The reason for the “lockup”, according to one of the administrators, is because the phones were having a negative effect on the educational environment of the school. One student also made the comment that at lunchtime “now students actually talk to one another!”

I see the addiction taking over the lives of adolescents, but also adults. I’m always amazed when I tune into a baseball game on TV at the number of people right behind home plate focused on their cell phones instead of the game that they paid several hundred dollars to attend. Or foru adults sitting at a restaurant table for dinner, each staring at their cell phone. 

Middle school students mimic what they see their older peers doing. They’ve even learned how to be sneaky about it. Most of the classrooms I substitute teach in have cell phone policies that stipulate that they can be used for educational purposes.
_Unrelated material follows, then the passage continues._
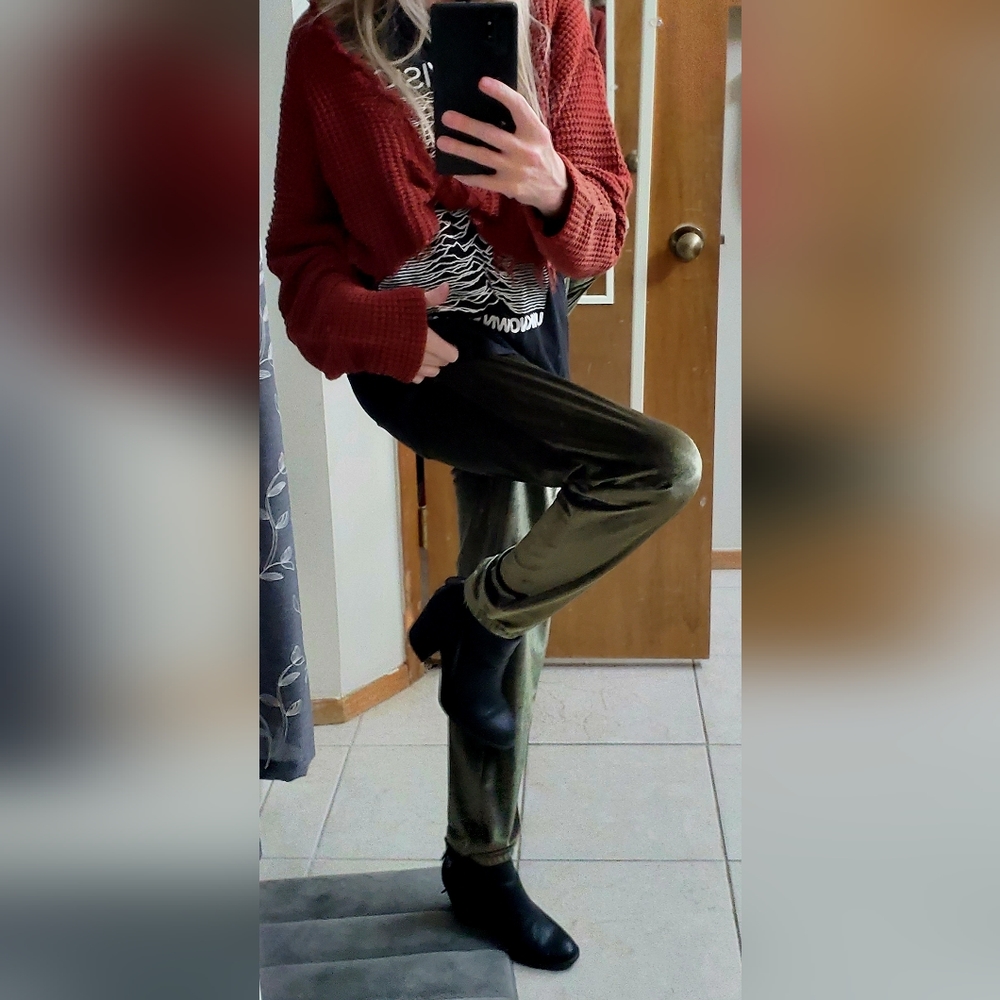 Gianni Bini army green velvet pants - Picture 7 of 9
Students use them to go online for sites such as Schoology and Google Classroom. The problem is that a number of them will be using them for gaming or social media and then quickly switch to Google Classroom when they see the instructor heading their way. 

At my school the consequence for being discovered is to have the student take their phone to the office where it will be kept until the end of the school day. Last year I had a student playing video games on his phone when the rest of the class was ten minutes into doing an assignment. I had him take the device to the office…but he didn’t come back! We discovered from security video that he had gone into the school library, found an isolated corner, and continued to play his video game. 
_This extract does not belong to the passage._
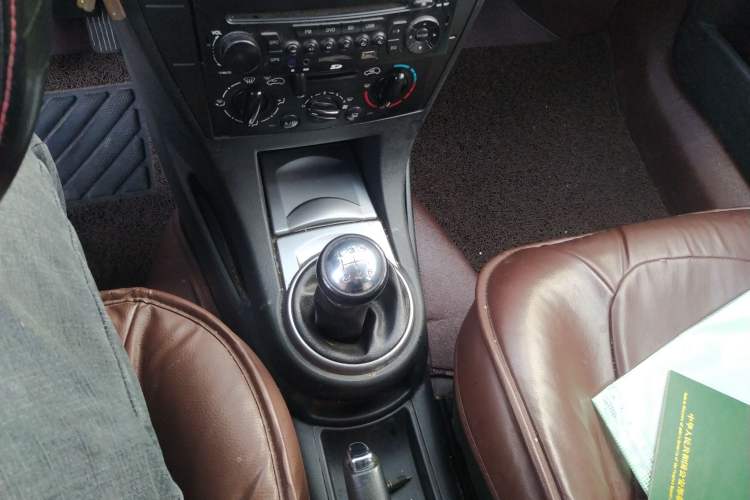 Used Citroen C-Quatre 2009 Sedan 1.6L Manual Fashion Edition Gear Lever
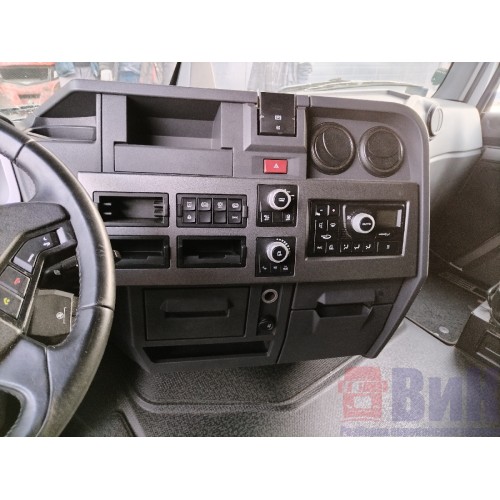 Кабина Renault T 2016г (в сборе без ЭБУ) 005496 высокая (764)-24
Some teachers have a “cell phone parking lot”, a bin that phones are put in when students enter the classroom and “unpark” at the end of the class period. Some teachers have become so frustrated that they don’t allow cell phones to even be seen.

San Mateo may pioneer a movement in the opposite direction from technology. My guess is that there are a multitude of teachers who wished they could be in San Mateo’s shoes. 

At the church camp this past summer where I was middle school camp pastor, we limited cell phone use to a couple of short time blocks each day, a half-hour in the afternoon and a half hour at the end of the day. It was amazing to see how the young teens connected with one another when their “cell buddy” was not holding hands with them.

BUT many of them ran to their phones like kids to free candy being thrown in a parade when they had permission!

Cell phone wisdom is needed. Proverbs 3:13 says “Blessed are those who find wisdom, those who gain understanding.” The word ‘wisdom’ is used 54 other times in Solomon’s sayings of that Old Testament book. Anytime a word in the Bible is used a multitude of times it means it’s a need, not just a want! It’s an essential, not a luxury!

Perhaps a class called “Device Wisdom” could help!

Nah! Students would probably learn the information, but not take it to heart. It would be like learning the state capitals- impressive, but not useful for figuring out the consequences of bad decisions.